As southern California grapples with the latest fires to hit the state in this most difficult of years, Patsy McGaughy, head of communications at Napa Valley Vintners, explains the full impact of the autumn fires that swept down the valley and into Sonoma and Mendocino and how support from both within the US and the rest of the world is helping the region put the fires behind it.
The images and videos of the ferocity of the fires that hit Napa Valley in October shocked the watching world, but despite the fears and anxiety at the time the region is working hard to put the fires behind them, says Patsy McGaughy, head of communications at Napa Valley Vintners,
They say you only really get to know who your friends are in times of adversity and that has certainly been the case for the wine producers, companies, workers and families caught up in the devastating fires that hit northern California in mid October.
A few weeks on and whilst the impact of the fires will be felt in the worst affected areas of the state for some time, it is also a time for California’s wine community to literally brush itself down and push on forward.
Which is what McGaughy was very much doing in London this week as part of a whistle stop tour to see important European customers and influencers.
She was in both a reflective and bullish mood. The threat and reality of fire is something everyone in the wine communities of California are only too aware of, she said. But nothing could have prepared the state for the scale and damage that the recent fires have caused.
“It was very scary,” said McGaughy as she recalled the anxious days when fires swept through and around communities, eventually destroying thousands of homes.
“Everyone knows someone who has lost their home,” she said. “A third of our Napa Valley Vintners team were evacuated.”
Over the worst…
But amazingly considering the ferocity of the fire the majority of the vineyards and wine growing areas of Napa have survived relatively unscathed. Yes, there has been some damage, particularly in more northern areas of the valley, but these are more isolated and in specific locations rather than effecting large areas of the land.
McGaughy explained how Napa county covers some 504,000 acres, of which 70,000, less than 15% suffered some level of fire damage.
In terms of vineyard acreage around 8% or 3,500 acres of the region’s total 45,000 of vines were what she termed “touched by fire”. This covers those wineries that suffered extensive damage, to those that saw out buildings hit, to those that had fire come up to the edge of vineyard plots.
“It certainly seemed at some moments the damage was going to be far worse than it actually was,” said McGaughy. “The first day in particular was very worrying. But as time wore on it became clear that the damage was very sporadic and unpredictable. Some people have been in areas where their home has been OK, but their neighbours have lost their house completely.”
Of its 530 members it was able to get detailed information from 375, of which 50 had seen some level of damage to their property. But again this stretches from five that had “significant damage” through to those that had only seen partial damage to land or parcels of vines.
“Thankfully no-one lost everything in terms of vines, cellars, tasting rooms and storage,” she added.
Clearly areas of Sonoma and Mendocino and California have been less fortunate, but McGaughy is keen to point out that the state as a whole, although shocked and shaken by events, is getting back to business.
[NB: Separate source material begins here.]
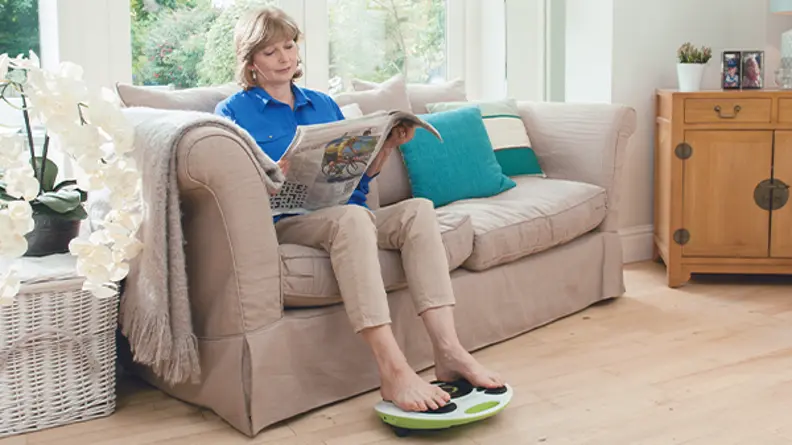 A woman relaxing on the couch whilst using Revitive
“We’re all open for business and want people to come and visit. It’s still a beautiful area. Yes, it is going to be a challenge for the industry as a whole, but we are all moving in the right direction.”
Size of harvest
It is too early to say, she said, what the final impact will be on the total Californian crush – those figures are expected in the first quarter of 2018. But before the fires struck the harvest was already expected to be around 10% down on average.
The big question lies over how much smoke damage there was to grapes still waiting to be picked. For although the vast majority of grapes had been picked before the fires struck there was still a sizeable quantity of red grapes still on the vine, particularly Cabernet grapes.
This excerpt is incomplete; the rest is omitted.